Saturday, April 08, 2006

They did not make a voyage, though long at sea.

This piece comes from a chapter called “Reason and Discretion” by Jeremy Taylor.
He paints an all to common picture of the young man that has rejected religion and unwilling to surrender his heart to Christ. He presents a series of behaviors and actions that are typical to the person closing their ears to Christ.

“ And now let us consider what that thing is which we call years of discretion.
The young man is past his tutors, and arrived at the bondage of a caitiff (despicable, vile, cowardly) spirit; he is run from discipline, and is let loose to passion; the man by this time hath wit enough to choose his vice, to act his lust, to court his mistress, to talk confidently and ignorantly and perpetually, to despise his betters, to deny nothing to his appetite, to do things that, when he is indeed a man, he must forever be ashamed of.
For this is all the discretion that most men show in the first stage of manhood; they can discern good from evil; and they prove their skill by leaving all that is good, and wallowing in the evils of folly and an unbridled appetite.
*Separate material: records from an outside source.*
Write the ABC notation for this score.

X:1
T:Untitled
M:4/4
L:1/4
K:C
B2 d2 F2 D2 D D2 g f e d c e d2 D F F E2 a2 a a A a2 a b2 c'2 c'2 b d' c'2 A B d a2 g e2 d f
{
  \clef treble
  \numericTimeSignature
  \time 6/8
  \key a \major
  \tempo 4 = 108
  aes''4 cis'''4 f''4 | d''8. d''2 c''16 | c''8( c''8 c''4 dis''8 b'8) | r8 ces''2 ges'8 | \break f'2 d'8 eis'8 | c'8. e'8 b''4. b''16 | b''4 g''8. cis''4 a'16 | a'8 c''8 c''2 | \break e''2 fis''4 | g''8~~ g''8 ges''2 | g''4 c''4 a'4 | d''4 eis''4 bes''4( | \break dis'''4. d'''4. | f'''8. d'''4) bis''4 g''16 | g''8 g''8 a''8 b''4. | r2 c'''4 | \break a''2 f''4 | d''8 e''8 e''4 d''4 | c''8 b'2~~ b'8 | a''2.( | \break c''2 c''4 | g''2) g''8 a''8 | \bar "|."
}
And by this time the young man hath contracted vicious habits, and is a beast in manners, and therefore it will not be fitting to reckon the beginning of his life; he is a fool in his understanding, and that is a sad death; and he is dead in trespasses and sins, and that is a sadder: so that he hath no life but a natural, the life of a beast or a tree; in all other capacities he is dead; he neither hath the intellectual nor the spiritual life, neither the life of a man nor of a Christian; and this sad truth lasts too long.
For old age seizes upon most men while they still retain the minds of boys and vicious youth, doing actions from principles of great folly and a mighty ignorance, admiring things useless and hurtful, and filling up all the dimensions of their abode with businesses of empty affairs, being at leisure to attend no virtue.
They cannot pray, because they are busy and because they are passionate; they cannot communicate, because they have quarrels and intrigues of perplexed causes, complicated hostilities, and things of the world; and therefore they cannot attend to the things of God, little considering that they must find a time to die in; when death comes, they must be at leisure for that.
Such men are like sailors loosing from a port, and tost immediately with a perpetual tempest lasting till their cordage crack, and either they sink or return back again to the same place; they did not make a voyage, though they were long at sea.”

1 comment:

FCB said...

I agree, seems like women are better at coming to higher level of emotional maturity. Men, on the other hand, seem to struggle till the day they die. Certainly men that spend their formative years living to their own. At nearly 60, too much of me is still a boy.